19 décembre 2007

Mon dieu, protégez-nous des économistes!

Pigé?

On entend parler de nouveau de protectionnisme depuis quelque temps, depuis que la pensée critique sur la mondialisation se multiplie. Il y a une dizaine d’années encore, le simple mot de protectionnisme faisait sourire et déclenchait presque la pitié : il est maintenant brandi comme une solution, voire la solution, face à l’incompréhensible bordel au milieu duquel nous sommes en train de couler.

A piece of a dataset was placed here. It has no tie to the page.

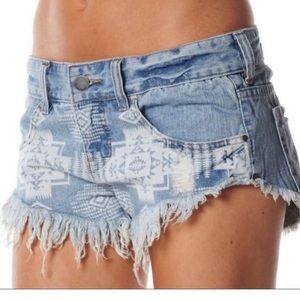 Tribal super short billabong laneway shorts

Remarque liminaire : ceux qui sont supposés nous éclairer sur les avantages et inconvénients de telle ou telle mesure économique, dont le protectionnisme, ne sont finalement d’aucune utilité. Parmi les économistes, il est tout aussi facile de trouver des partisans que des adversaires du protectionnisme, pour ne parler que des économistes prestigieux : Le prix Nobel Maurice Allais, dont René Jacquot évoquait le nom hier, est un protectionniste convaincu, comme Paul Samuelson, tandis que d’autres Nobel, Milton Friedman ou Freidrich von Hayek s’y opposent résolument. Il reste donc aux non économistes que nous sommes à se faire une opinion, c'est-à-dire à trouver un discours théorique suffisamment construit pour appuyer ce qu’on pensait déjà confusément, sans souci de justesse, de justice, ni d’esprit réellement scientifique…

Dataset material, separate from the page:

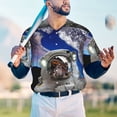 thumbnail image 5 of KLL Astronaut in Outer Space for Men's Baseball Shirts,Short Sleeve Casual Shirts Button Down Shirt for Men Beach Summer Wedding Shirt-4X-Large, 5 of 7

Pas plus que les grosses têtes nobélisées, je ne suis capable de trancher quoi que ce soit dans ce débat technique. J’observe simplement qu’il est plus facile de protéger son économie quand on est puissant que quand on est faible, probablement parce qu’on est moins sensible aux mesures de riposte qui s’ensuivent généralement. Le protectionnisme est donc paradoxalement utilisé par des pays assez puissants pour se foutre de l’avis des autres, et il est pratiquement interdit aux pays faibles, que le mot protection semblait pourtant désigner en priorité. Mieux : le contexte actuel est celui d’un protectionnisme qui viserait à nous protéger, nous, pays puissants, des attaques dégueulasses des pays de crève la dalle ! Quand on écrit « protectionnisme contre la mondialisation », il faut traduire par protectionnisme contre les produits chinois, indiens ou autres, c'est-à-dire contre des produits réalisés à bas coûts, dans des conditions sociales très exotiques, dans des pays moins développés que les nôtres, et sur une échelle qui nous dépasse.

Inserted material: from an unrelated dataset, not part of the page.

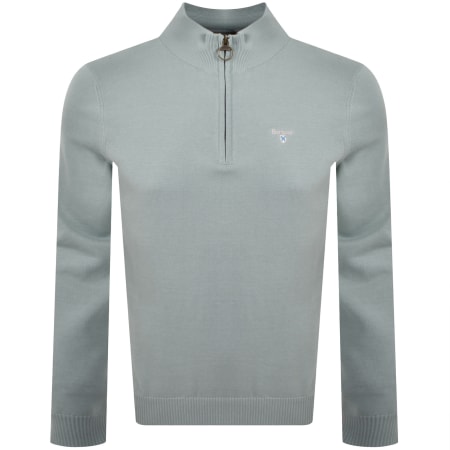 Product image for Barbour Lingwood Half Zip Knit Jumper Blue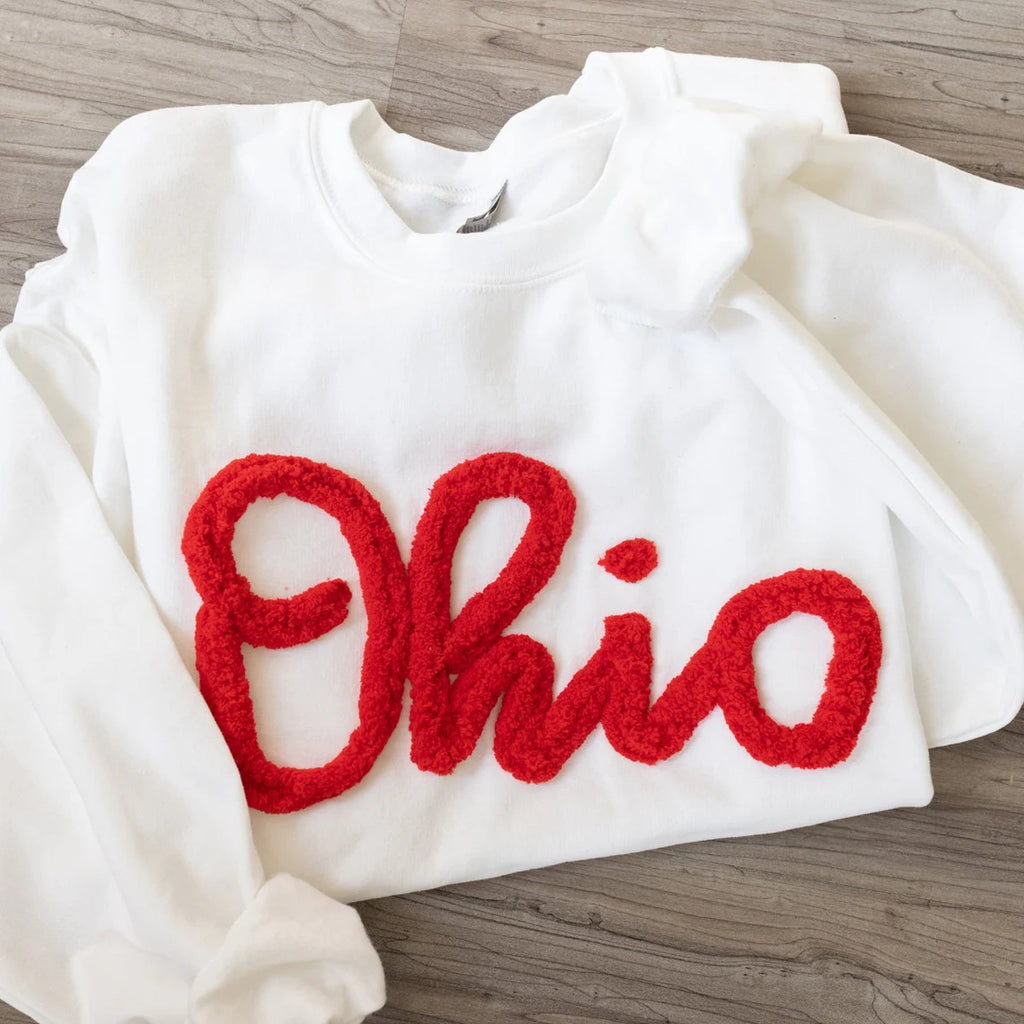 (Babies & Youth) Personalized Chenille Embroidered Sweatshirt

Deuxième observation : la critique de la mondialisation est une discipline occidentale qui naît et se développe au moment même où la mondialisation commence à produire des effets défavorables aux économies et aux sociétés occidentales. Quand il s’agissait de produire des usines clés en mains et de les fourguer au Maghreb, à l’Argentine ou en Extrême-Orient, la mondialisation était tout simplement formidable, comme notre savoir-faire, nos ouvriers, nos capitaines d’industrie et le drapeau tricolore. Quand le marché mondial des produits agricoles est réglé par les puissances occidentales grâce à des positions dominantes et des mécanismes d’aides qui mettent les agricultures du sud en faillite, tout le monde, ou presque, s’en accommode. Quand Bouygues va construire une université à Riyad ou un barrage sur le Yang-Tsé-Kiang, on se félicite (je me demande bien pourquoi, d’ailleurs), mais si un obscur village d’Inde se met à produire nos godasses douze fois moins cher que nous, il faut d’urgence s’en protéger !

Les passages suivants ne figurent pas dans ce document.